* Stored dataset items *
..........

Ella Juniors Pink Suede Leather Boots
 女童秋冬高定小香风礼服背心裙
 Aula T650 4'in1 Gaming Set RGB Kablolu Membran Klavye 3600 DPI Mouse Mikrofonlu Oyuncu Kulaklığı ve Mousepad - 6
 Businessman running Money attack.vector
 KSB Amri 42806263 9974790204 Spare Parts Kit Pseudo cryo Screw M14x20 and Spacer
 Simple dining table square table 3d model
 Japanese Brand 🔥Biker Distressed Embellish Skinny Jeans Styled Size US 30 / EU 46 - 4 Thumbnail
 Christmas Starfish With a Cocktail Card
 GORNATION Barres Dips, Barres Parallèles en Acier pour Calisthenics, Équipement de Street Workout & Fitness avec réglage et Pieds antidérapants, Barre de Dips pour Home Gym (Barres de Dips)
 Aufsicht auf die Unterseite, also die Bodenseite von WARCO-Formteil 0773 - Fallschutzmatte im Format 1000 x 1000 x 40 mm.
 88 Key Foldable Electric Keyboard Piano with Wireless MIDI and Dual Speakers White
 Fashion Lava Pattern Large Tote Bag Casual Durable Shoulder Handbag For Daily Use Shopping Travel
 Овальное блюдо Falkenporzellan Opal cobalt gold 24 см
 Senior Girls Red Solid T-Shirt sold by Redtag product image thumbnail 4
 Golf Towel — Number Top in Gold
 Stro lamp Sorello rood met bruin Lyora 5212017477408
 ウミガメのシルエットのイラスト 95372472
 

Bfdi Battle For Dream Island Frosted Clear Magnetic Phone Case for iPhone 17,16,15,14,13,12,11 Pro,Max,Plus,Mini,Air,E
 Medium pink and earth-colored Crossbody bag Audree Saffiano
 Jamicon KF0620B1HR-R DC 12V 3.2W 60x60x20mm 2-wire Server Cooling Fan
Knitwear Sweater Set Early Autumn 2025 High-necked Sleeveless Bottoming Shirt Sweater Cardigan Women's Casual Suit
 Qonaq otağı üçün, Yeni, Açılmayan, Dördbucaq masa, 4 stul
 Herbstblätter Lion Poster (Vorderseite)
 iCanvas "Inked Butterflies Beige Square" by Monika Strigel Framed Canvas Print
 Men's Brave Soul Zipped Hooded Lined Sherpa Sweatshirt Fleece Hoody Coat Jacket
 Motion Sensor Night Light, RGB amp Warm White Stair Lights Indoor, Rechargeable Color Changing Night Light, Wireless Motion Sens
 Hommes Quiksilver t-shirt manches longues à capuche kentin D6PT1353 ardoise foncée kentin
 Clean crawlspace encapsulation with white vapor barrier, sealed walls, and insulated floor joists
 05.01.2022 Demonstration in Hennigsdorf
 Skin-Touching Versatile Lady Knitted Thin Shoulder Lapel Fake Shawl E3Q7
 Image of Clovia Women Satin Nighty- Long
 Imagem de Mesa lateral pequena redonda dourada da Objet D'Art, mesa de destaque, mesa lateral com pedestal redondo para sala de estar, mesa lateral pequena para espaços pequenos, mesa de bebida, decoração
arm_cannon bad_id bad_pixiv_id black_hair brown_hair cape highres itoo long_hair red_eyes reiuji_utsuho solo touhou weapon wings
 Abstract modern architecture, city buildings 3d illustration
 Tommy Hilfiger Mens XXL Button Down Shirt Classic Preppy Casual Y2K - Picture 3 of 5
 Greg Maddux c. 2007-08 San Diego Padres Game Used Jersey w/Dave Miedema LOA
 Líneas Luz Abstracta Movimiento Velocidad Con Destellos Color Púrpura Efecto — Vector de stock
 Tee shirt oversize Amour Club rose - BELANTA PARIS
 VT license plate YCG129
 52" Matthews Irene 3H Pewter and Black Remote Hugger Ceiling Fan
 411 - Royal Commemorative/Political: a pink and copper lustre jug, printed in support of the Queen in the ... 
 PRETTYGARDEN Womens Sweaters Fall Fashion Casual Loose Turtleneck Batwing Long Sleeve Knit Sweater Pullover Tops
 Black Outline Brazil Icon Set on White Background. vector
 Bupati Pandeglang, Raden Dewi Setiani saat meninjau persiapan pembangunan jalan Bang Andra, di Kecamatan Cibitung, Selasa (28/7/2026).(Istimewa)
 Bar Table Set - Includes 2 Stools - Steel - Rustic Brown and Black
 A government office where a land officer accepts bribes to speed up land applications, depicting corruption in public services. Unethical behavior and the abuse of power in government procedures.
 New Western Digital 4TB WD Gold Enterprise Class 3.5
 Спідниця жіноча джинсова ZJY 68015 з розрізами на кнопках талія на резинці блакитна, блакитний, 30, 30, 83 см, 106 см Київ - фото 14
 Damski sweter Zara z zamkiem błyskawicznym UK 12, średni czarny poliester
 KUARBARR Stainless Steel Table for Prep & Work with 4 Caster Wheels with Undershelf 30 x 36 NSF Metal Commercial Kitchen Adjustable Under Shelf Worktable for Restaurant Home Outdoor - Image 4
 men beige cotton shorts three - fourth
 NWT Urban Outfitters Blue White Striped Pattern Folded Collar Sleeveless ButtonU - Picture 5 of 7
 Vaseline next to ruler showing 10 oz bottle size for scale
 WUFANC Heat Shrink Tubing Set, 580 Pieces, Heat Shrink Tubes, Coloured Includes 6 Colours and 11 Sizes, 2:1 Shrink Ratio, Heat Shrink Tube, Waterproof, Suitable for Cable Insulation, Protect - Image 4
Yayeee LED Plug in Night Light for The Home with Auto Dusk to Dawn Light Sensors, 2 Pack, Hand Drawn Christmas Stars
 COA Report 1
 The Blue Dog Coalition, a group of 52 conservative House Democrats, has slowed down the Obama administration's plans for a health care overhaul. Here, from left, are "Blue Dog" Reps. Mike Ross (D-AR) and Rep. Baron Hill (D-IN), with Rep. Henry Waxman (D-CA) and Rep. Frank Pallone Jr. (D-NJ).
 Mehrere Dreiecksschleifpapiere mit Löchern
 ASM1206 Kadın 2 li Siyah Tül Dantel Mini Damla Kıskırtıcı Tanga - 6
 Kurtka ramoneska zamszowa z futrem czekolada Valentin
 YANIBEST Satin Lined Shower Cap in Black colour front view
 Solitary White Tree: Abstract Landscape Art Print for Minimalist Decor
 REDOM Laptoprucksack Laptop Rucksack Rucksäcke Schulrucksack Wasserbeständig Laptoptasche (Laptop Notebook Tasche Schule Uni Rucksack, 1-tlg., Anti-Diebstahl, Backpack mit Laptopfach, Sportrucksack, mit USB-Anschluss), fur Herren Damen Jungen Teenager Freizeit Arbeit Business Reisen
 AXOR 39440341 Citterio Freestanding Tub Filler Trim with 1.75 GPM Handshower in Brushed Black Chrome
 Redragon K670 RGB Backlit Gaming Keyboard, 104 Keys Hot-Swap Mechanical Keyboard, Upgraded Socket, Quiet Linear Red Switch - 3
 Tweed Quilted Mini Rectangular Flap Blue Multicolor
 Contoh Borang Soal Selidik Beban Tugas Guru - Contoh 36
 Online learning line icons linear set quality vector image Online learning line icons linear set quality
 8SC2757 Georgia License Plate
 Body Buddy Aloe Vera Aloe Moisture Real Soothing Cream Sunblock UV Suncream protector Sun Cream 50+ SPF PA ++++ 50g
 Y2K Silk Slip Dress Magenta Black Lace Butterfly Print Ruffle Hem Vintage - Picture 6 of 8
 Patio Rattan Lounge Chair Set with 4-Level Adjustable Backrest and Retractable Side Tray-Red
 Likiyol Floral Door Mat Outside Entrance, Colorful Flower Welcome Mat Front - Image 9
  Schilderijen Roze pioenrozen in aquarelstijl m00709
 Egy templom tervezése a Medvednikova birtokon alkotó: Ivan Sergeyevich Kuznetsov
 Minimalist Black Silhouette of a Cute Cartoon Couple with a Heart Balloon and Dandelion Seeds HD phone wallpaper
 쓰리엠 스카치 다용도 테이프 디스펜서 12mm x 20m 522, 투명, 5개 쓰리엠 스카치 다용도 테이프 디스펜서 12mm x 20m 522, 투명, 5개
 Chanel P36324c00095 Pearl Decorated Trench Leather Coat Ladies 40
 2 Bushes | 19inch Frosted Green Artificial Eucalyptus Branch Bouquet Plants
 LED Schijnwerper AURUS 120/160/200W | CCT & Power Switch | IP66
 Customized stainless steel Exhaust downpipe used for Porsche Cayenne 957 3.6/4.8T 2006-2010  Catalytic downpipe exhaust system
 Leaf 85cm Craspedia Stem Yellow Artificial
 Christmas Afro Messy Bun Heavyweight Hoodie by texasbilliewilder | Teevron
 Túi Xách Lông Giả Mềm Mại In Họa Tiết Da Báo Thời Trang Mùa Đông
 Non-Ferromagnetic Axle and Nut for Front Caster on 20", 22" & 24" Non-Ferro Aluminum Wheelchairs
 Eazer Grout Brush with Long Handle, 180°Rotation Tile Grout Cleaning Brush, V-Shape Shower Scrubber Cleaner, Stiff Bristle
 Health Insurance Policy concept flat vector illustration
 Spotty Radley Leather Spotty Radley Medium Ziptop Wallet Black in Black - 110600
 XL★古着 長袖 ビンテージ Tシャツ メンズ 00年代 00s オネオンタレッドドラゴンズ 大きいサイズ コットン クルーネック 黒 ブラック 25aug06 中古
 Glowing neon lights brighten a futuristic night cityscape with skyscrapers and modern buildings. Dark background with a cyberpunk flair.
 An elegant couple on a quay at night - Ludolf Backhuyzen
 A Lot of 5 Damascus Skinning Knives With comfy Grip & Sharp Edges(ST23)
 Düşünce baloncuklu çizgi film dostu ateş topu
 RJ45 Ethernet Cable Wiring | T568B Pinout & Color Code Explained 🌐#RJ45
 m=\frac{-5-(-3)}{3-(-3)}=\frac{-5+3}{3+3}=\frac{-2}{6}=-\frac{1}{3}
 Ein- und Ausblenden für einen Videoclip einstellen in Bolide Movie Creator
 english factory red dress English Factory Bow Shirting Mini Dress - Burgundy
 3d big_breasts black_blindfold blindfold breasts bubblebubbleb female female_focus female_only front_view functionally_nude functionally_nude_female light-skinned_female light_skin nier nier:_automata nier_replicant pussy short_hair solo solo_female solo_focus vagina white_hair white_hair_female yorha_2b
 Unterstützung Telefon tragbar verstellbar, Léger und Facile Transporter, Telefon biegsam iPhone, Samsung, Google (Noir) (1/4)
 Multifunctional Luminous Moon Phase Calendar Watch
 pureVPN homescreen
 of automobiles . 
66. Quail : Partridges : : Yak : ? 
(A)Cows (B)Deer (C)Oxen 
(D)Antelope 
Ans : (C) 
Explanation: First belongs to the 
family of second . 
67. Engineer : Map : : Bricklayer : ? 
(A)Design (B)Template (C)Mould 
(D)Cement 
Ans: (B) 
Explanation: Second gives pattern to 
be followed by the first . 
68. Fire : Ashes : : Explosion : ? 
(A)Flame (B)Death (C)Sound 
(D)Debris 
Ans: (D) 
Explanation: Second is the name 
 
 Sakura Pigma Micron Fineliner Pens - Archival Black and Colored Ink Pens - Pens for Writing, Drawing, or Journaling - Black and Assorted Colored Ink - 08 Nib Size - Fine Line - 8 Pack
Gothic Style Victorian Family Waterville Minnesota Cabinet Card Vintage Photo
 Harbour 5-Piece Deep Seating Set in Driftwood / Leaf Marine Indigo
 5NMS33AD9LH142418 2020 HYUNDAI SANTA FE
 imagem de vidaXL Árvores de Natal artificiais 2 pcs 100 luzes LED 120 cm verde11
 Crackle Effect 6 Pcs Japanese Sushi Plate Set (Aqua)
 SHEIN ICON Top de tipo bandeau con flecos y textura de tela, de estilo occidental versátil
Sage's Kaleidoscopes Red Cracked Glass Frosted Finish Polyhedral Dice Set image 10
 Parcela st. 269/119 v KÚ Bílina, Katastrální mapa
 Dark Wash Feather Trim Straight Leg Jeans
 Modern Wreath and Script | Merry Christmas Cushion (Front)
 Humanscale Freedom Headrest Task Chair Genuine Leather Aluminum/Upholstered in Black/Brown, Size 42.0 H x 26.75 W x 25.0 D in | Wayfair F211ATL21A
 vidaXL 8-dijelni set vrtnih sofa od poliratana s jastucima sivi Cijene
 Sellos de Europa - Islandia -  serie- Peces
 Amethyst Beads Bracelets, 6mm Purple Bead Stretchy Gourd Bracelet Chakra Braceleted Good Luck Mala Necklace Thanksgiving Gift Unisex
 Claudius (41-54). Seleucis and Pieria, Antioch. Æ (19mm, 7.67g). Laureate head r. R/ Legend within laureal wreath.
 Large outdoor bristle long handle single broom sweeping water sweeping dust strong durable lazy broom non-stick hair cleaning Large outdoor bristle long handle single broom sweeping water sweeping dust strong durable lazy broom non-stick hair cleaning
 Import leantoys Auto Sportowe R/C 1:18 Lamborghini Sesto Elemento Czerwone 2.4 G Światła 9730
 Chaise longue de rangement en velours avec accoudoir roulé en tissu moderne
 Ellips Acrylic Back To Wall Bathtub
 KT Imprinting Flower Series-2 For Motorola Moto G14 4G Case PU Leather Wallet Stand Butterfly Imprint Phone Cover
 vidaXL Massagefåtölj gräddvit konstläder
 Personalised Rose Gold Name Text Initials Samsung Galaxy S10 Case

..........

* TO DO *
Write down again, exactly as given, only the lines above that fall from the line with "Harbour 5-Piece Deep" to the line with "Humanscale Freedom Headrest", inclusive.

* YOUR RESPONSE *
 Harbour 5-Piece Deep Seating Set in Driftwood / Leaf Marine Indigo
 5NMS33AD9LH142418 2020 HYUNDAI SANTA FE
 imagem de vidaXL Árvores de Natal artificiais 2 pcs 100 luzes LED 120 cm verde11
 Crackle Effect 6 Pcs Japanese Sushi Plate Set (Aqua)
 SHEIN ICON Top de tipo bandeau con flecos y textura de tela, de estilo occidental versátil
Sage's Kaleidoscopes Red Cracked Glass Frosted Finish Polyhedral Dice Set image 10
 Parcela st. 269/119 v KÚ Bílina, Katastrální mapa
 Dark Wash Feather Trim Straight Leg Jeans
 Modern Wreath and Script | Merry Christmas Cushion (Front)
 Humanscale Freedom Headrest Task Chair Genuine Leather Aluminum/Upholstered in Black/Brown, Size 42.0 H x 26.75 W x 25.0 D in | Wayfair F211ATL21A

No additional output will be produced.